**Assignment**. Print the lines below from the line with "En varm vecka i Sundsvalls kommun" to the line with "No tires las" exactly, keeping both ends, and print no pictures.

**Data for this exercise**.
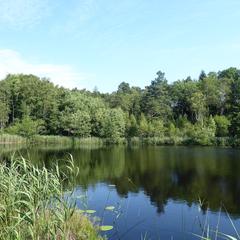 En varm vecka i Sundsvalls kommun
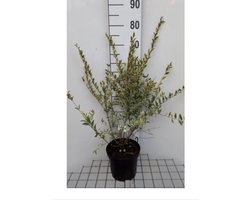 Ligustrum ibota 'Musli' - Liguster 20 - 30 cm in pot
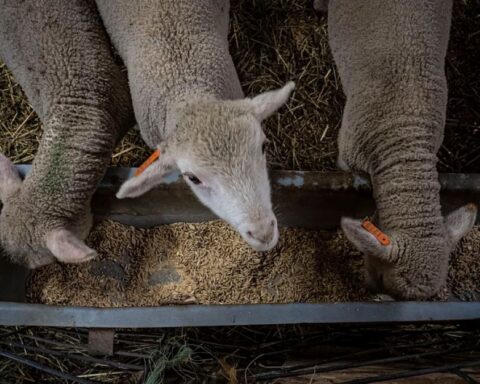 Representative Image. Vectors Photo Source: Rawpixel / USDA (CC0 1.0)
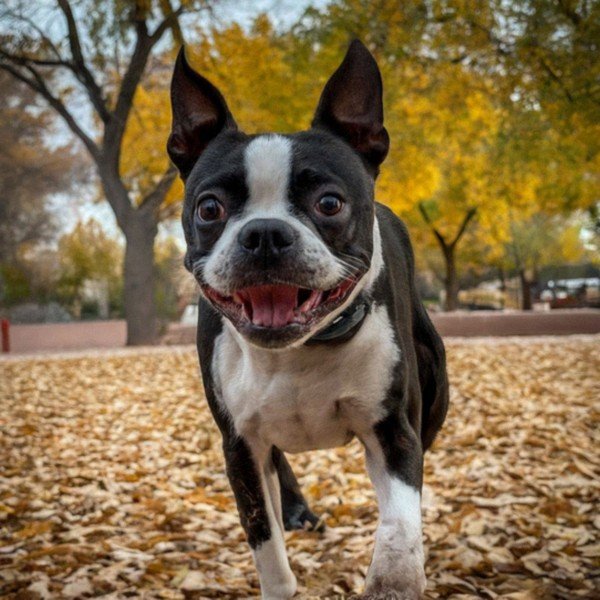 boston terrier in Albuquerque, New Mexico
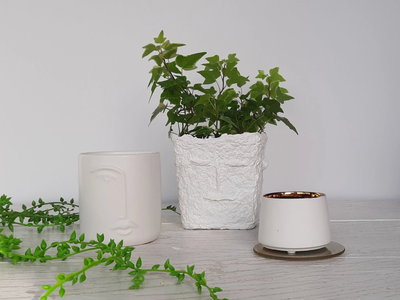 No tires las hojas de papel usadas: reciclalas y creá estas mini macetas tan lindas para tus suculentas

==

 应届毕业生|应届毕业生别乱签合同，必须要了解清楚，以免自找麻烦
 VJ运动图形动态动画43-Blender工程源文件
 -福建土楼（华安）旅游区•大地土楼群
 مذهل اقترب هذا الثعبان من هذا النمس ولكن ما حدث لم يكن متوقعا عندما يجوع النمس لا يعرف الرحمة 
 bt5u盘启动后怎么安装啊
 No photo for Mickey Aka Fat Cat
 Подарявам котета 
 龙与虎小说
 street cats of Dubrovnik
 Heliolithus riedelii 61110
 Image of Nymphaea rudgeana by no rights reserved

--

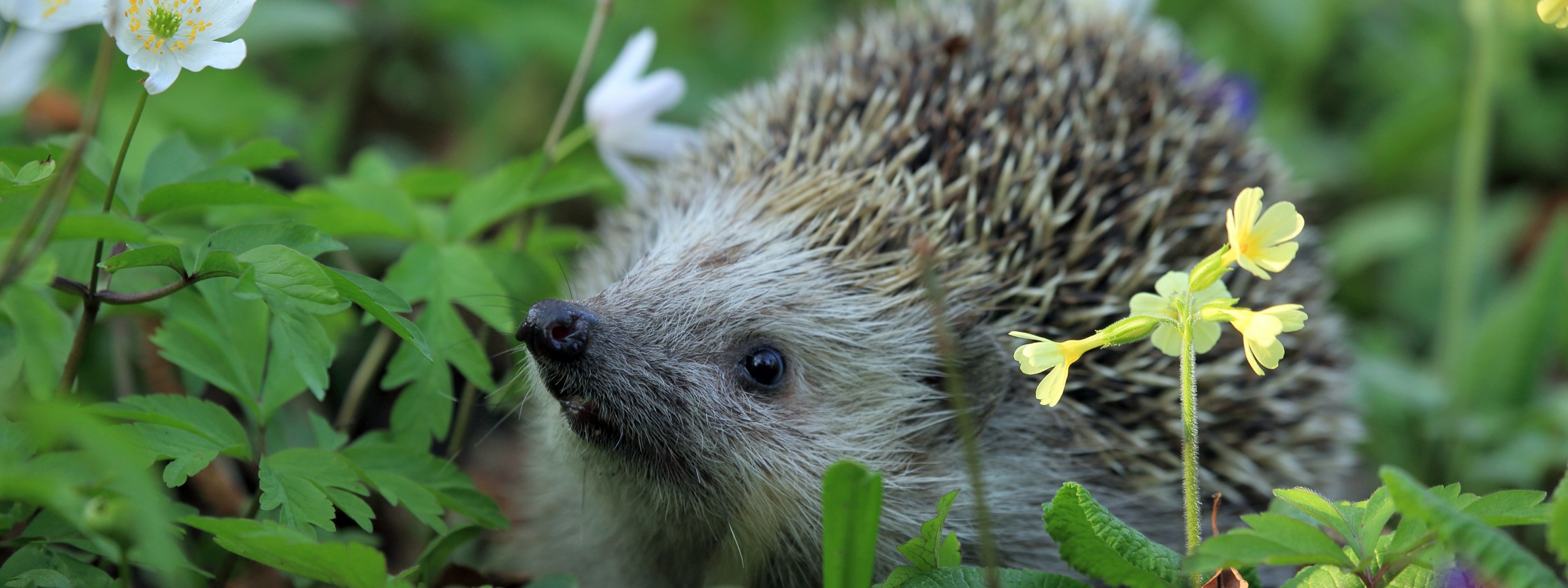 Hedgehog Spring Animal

**Result of this exercise**.
 En varm vecka i Sundsvalls kommun
 Ligustrum ibota 'Musli' - Liguster 20 - 30 cm in pot
 Representative Image. Vectors Photo Source: Rawpixel / USDA (CC0 1.0)
 boston terrier in Albuquerque, New Mexico
 No tires las hojas de papel usadas: reciclalas y creá estas mini macetas tan lindas para tus suculentas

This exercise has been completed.